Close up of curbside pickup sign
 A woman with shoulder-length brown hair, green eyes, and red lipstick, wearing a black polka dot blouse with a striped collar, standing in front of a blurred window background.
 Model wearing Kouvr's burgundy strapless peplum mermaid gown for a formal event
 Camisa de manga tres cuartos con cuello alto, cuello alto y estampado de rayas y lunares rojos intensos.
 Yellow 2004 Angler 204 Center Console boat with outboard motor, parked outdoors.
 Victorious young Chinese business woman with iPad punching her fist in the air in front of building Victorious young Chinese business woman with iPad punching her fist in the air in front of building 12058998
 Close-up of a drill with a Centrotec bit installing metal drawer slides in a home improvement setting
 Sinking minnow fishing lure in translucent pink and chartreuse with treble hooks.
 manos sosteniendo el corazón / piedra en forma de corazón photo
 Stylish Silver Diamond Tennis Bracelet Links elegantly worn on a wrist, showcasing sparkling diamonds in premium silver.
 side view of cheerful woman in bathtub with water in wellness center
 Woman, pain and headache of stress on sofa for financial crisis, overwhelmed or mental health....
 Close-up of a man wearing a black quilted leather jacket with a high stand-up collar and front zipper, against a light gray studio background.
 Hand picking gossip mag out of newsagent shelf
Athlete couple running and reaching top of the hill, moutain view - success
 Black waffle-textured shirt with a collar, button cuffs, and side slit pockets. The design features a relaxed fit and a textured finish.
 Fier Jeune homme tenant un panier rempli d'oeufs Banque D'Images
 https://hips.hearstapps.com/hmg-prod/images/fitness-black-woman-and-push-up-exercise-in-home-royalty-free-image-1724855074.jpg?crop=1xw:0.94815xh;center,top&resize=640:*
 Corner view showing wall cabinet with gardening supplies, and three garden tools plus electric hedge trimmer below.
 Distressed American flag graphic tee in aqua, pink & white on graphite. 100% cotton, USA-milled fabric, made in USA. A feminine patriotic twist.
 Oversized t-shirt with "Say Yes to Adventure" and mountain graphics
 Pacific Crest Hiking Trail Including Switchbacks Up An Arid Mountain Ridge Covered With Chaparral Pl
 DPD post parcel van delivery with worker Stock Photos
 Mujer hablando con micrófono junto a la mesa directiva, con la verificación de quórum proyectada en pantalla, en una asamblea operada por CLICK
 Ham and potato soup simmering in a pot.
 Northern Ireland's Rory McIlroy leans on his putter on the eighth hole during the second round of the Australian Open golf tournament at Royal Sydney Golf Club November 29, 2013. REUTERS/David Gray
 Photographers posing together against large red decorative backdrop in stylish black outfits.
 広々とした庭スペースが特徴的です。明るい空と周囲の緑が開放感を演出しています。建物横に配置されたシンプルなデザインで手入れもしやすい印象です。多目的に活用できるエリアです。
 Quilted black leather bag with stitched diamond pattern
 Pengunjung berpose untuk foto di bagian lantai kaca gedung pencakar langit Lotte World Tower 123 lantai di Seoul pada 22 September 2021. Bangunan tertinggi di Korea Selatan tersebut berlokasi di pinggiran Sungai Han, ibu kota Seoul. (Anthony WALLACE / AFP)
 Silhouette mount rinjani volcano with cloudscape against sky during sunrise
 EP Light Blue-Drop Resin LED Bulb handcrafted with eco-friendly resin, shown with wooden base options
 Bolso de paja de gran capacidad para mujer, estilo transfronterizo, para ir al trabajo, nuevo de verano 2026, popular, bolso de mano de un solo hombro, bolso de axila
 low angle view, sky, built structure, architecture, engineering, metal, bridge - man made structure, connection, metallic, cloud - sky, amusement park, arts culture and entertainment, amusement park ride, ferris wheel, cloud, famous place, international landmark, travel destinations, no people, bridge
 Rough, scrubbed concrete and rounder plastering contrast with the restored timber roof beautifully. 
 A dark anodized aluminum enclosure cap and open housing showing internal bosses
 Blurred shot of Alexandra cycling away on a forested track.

_What you will do_
Taking the material above, extract exactly and only the lines from the line with "Hand picking gossip" to the line with "Pacific Crest Hiking", inclusive of both.

_Solution to this problem_
 Hand picking gossip mag out of newsagent shelf
Athlete couple running and reaching top of the hill, moutain view - success
 Black waffle-textured shirt with a collar, button cuffs, and side slit pockets. The design features a relaxed fit and a textured finish.
 Fier Jeune homme tenant un panier rempli d'oeufs Banque D'Images
 https://hips.hearstapps.com/hmg-prod/images/fitness-black-woman-and-push-up-exercise-in-home-royalty-free-image-1724855074.jpg?crop=1xw:0.94815xh;center,top&resize=640:*
 Corner view showing wall cabinet with gardening supplies, and three garden tools plus electric hedge trimmer below.
 Distressed American flag graphic tee in aqua, pink & white on graphite. 100% cotton, USA-milled fabric, made in USA. A feminine patriotic twist.
 Oversized t-shirt with "Say Yes to Adventure" and mountain graphics
 Pacific Crest Hiking Trail Including Switchbacks Up An Arid Mountain Ridge Covered With Chaparral Pl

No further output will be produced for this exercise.